How Physical Therapy Helps During Peri- and Menopause
Physical therapy for menopausal hip pain isn’t about aggressive stretching or generic strengthening. It’s about strategic loading, education, and restoring confidence in movement.
Key components often include:
1. Targeted Strength Training Gluteal and deep hip stabilizer weakness is common during hormonal transition. Progressive, well-dosed strength work helps tendons tolerate load again and reduces pain over time.
2. Tendon-Specific Loading Many cases of lateral hip pain are tendon-related rather than bursitis. Tendons respond best to controlled loading—not rest.
3. Mobility Where It Matters Rather than forcing range of motion everywhere, PT focuses on restoring mobility where restrictions are contributing to overload elsewhere.
4. Nervous System Down-Regulation Hormonal changes can heighten pain sensitivity. Breathing strategies, pacing, and education help calm the system and improve pain tolerance.

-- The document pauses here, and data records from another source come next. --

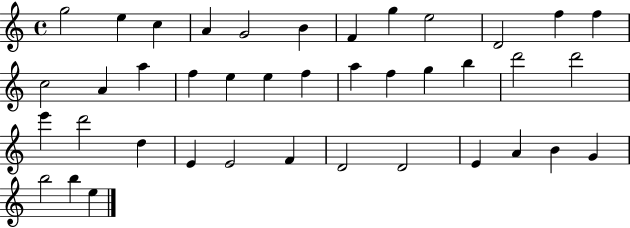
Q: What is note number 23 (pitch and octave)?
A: B5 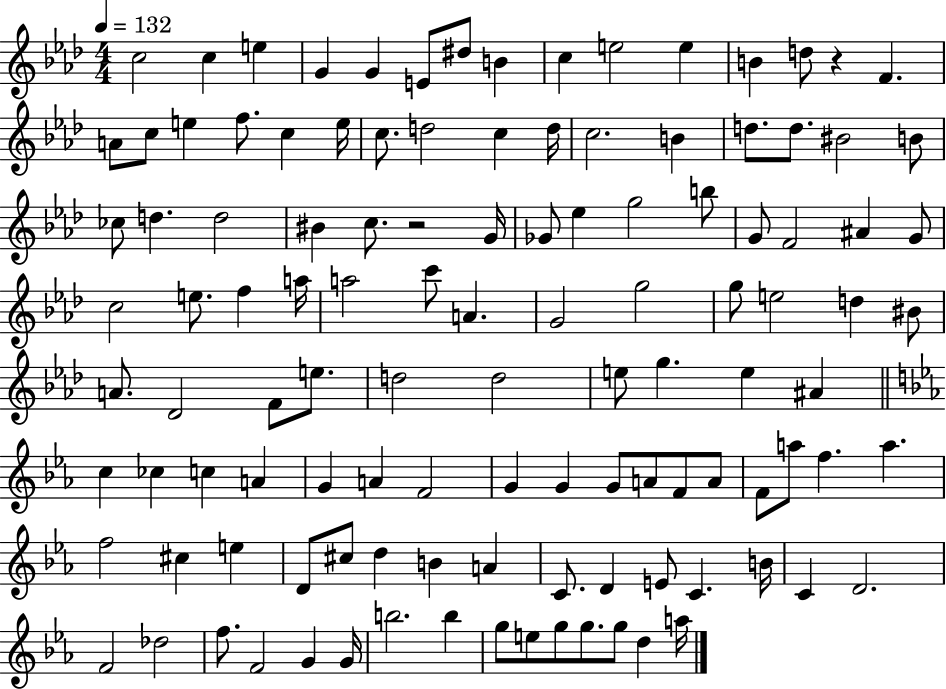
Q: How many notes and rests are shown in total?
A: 116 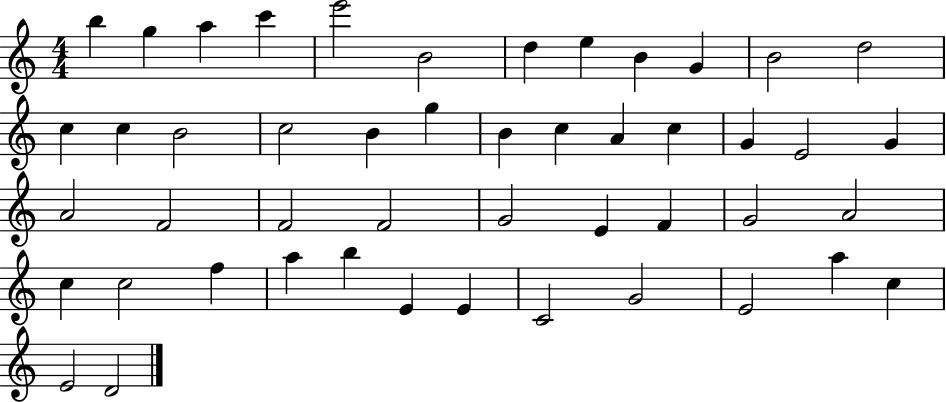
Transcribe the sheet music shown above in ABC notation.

X:1
T:Untitled
M:4/4
L:1/4
K:C
b g a c' e'2 B2 d e B G B2 d2 c c B2 c2 B g B c A c G E2 G A2 F2 F2 F2 G2 E F G2 A2 c c2 f a b E E C2 G2 E2 a c E2 D2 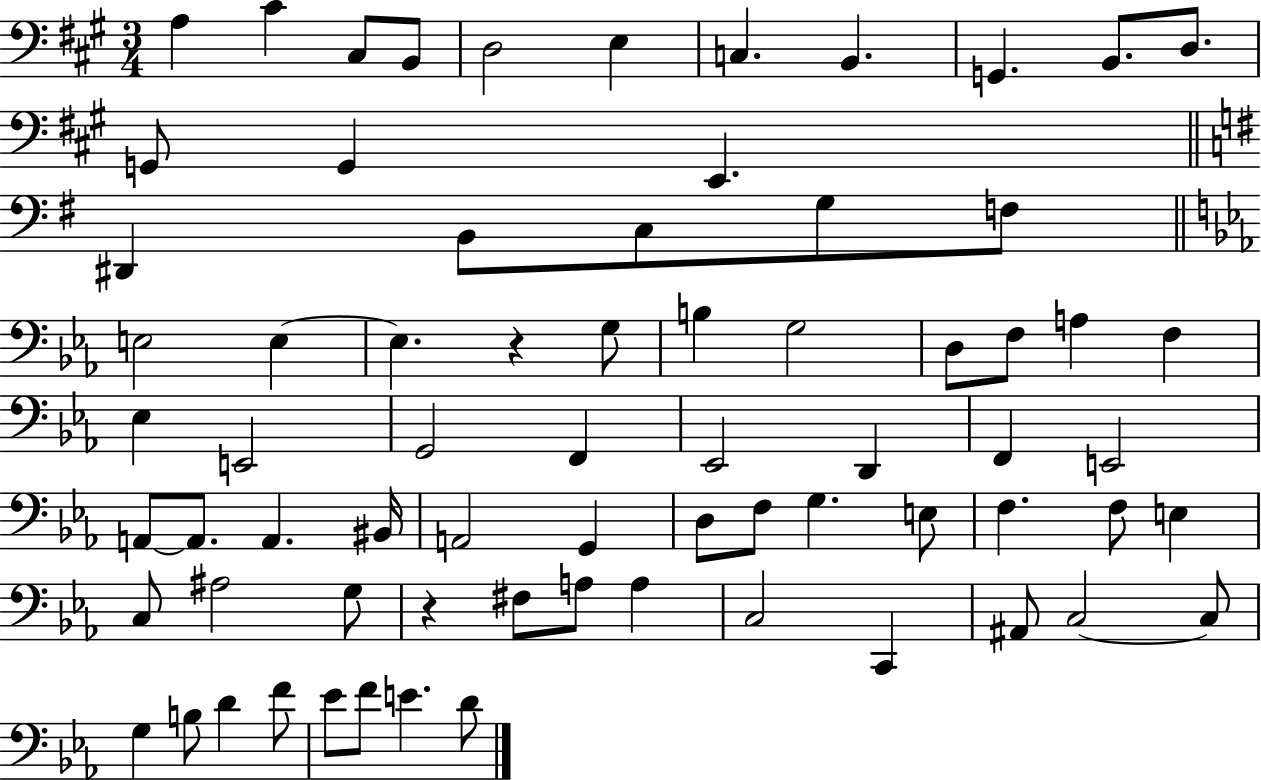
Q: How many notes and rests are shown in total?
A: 71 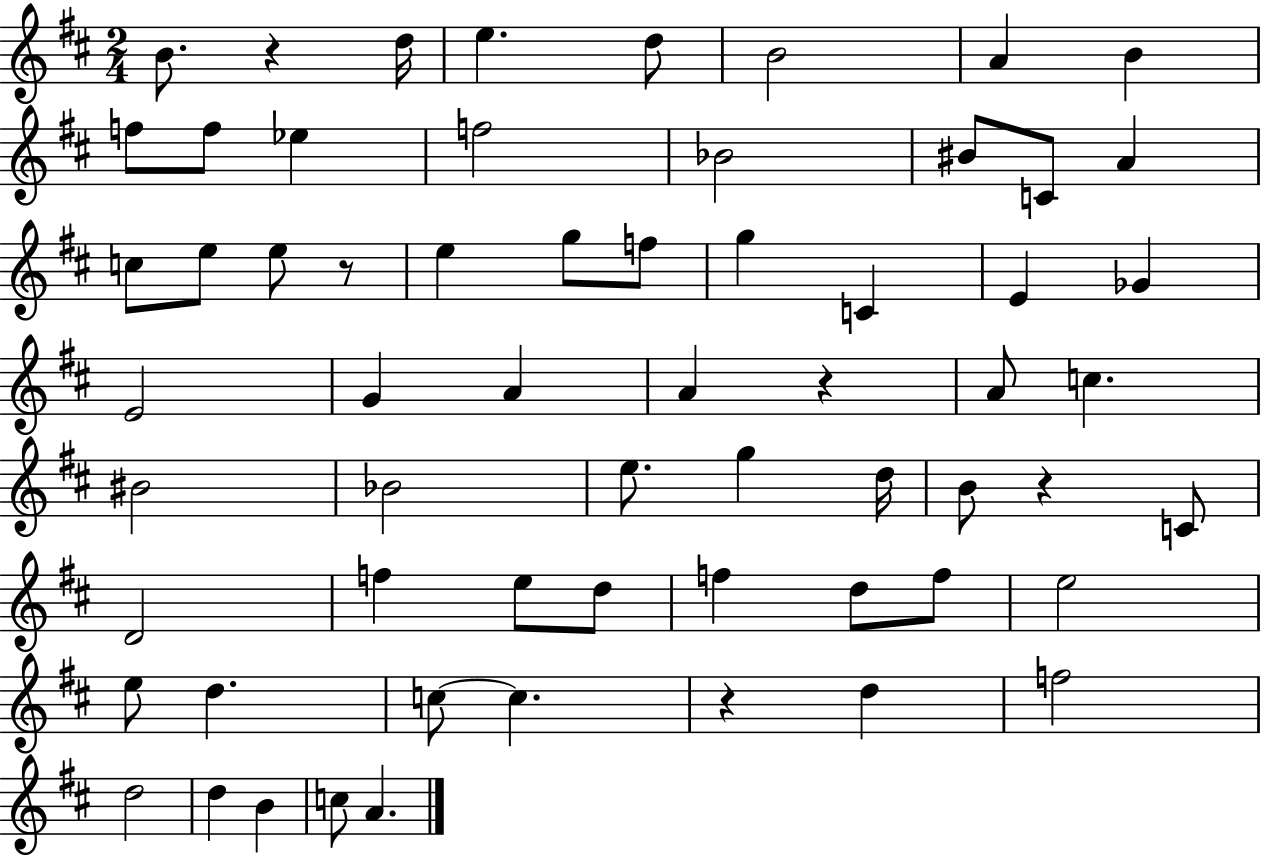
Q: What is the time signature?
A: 2/4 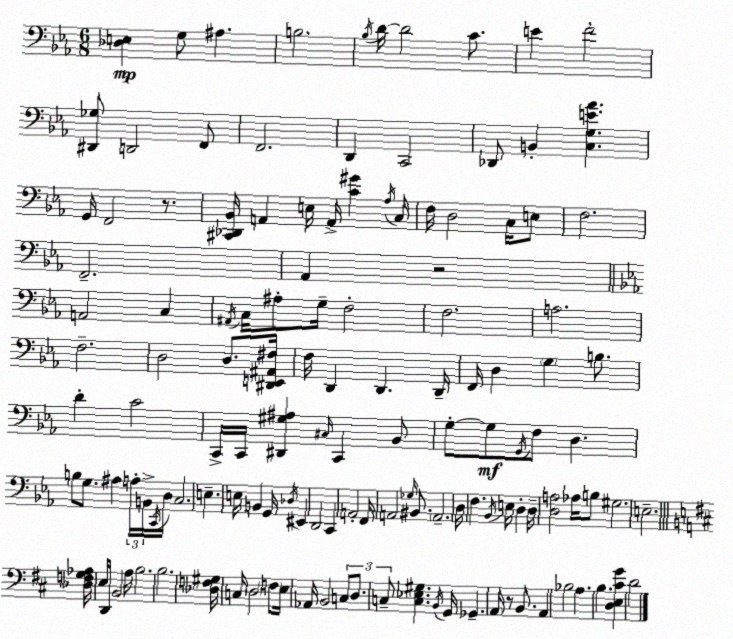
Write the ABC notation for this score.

X:1
T:Untitled
M:6/8
L:1/4
K:Cm
[_D,E,] G,/2 ^A, B,2 _B,/4 D/4 D2 C/2 E F2 [^D,,_G,]/2 D,,2 F,,/2 F,,2 D,, C,,2 _D,,/2 B,, [C,G,E_A] G,,/4 F,,2 z/2 [^C,,_D,,_B,,]/4 A,, E,/4 A,,/4 [C^G] _A,/4 C,/4 F,/4 D,2 C,/4 E,/2 F,2 F,,2 _A,, z2 A,,2 C, ^A,,/4 C,/4 ^A,/2 G,/4 F,2 F,2 A,2 F,2 D,2 D,/2 [^D,,E,,^A,,^F,]/4 F,/4 D,, D,, D,,/4 F,,/4 D, G, B,/2 D C2 C,,/4 C,,/4 [^D,,^G,^A,] ^C,/4 C,, _B,,/2 G,/2 G,/2 G,,/4 F,/2 D, B,/2 G,/2 ^A, A,/4 B,,/4 C,,/4 D,/4 C,2 E, E,/4 B,, G,,/4 _D,/4 ^E,, D,,2 C,, A,,2 F,,/4 A,,2 _G,/4 ^B,,/2 A,,2 D,/4 F, _B,,/4 E,/4 D, D,/4 [D,A,]2 _A,/4 B,/2 ^G,2 E,2 [_D,F,G,_A,]/4 E,/4 D,,/4 B,,2 A,/4 B,2 B,2 [_D,F,^G,]/4 C,/4 D,2 F,/2 E,/4 _A,,/4 B,,2 C,/2 D,/2 C,/2 [C,_E,^G,] B,,/4 G,,/4 _G,, A,,/4 z/2 B,,/2 A,, _B,2 A, B, [D,E,^CG] D2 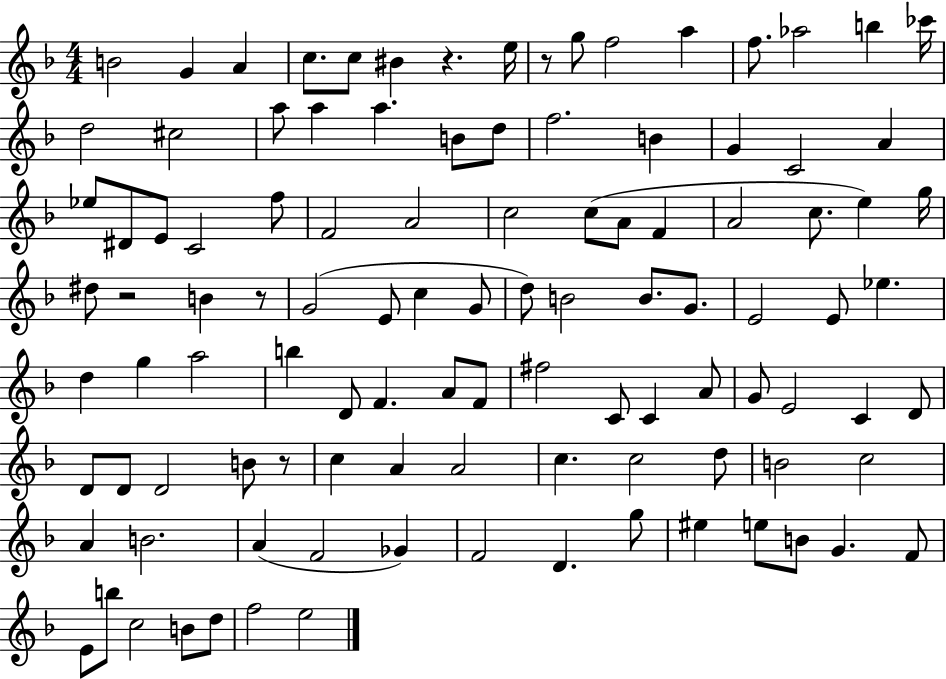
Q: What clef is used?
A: treble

5. Lifestyle & Load Management Education Sleep position, walking volume, gym routines, and even sudden increases in activity all matter. Small adjustments can significantly reduce symptoms.
The Takeaway
Hip pain during peri- and menopause is common—but it is not something women should simply “put up with.” Hormonal changes affect how tissues behave, how pain is processed, and how the body responds to stress. Physical therapy sits at the intersection of these systems, offering evidence-based, individualized care that addresses both symptoms and root causes. If you’re navigating this stage of life and noticing new or persistent hip pain, consider it a signal—not of decline, but of a body asking for a smarter approach.
And that’s exactly where physical therapy shines.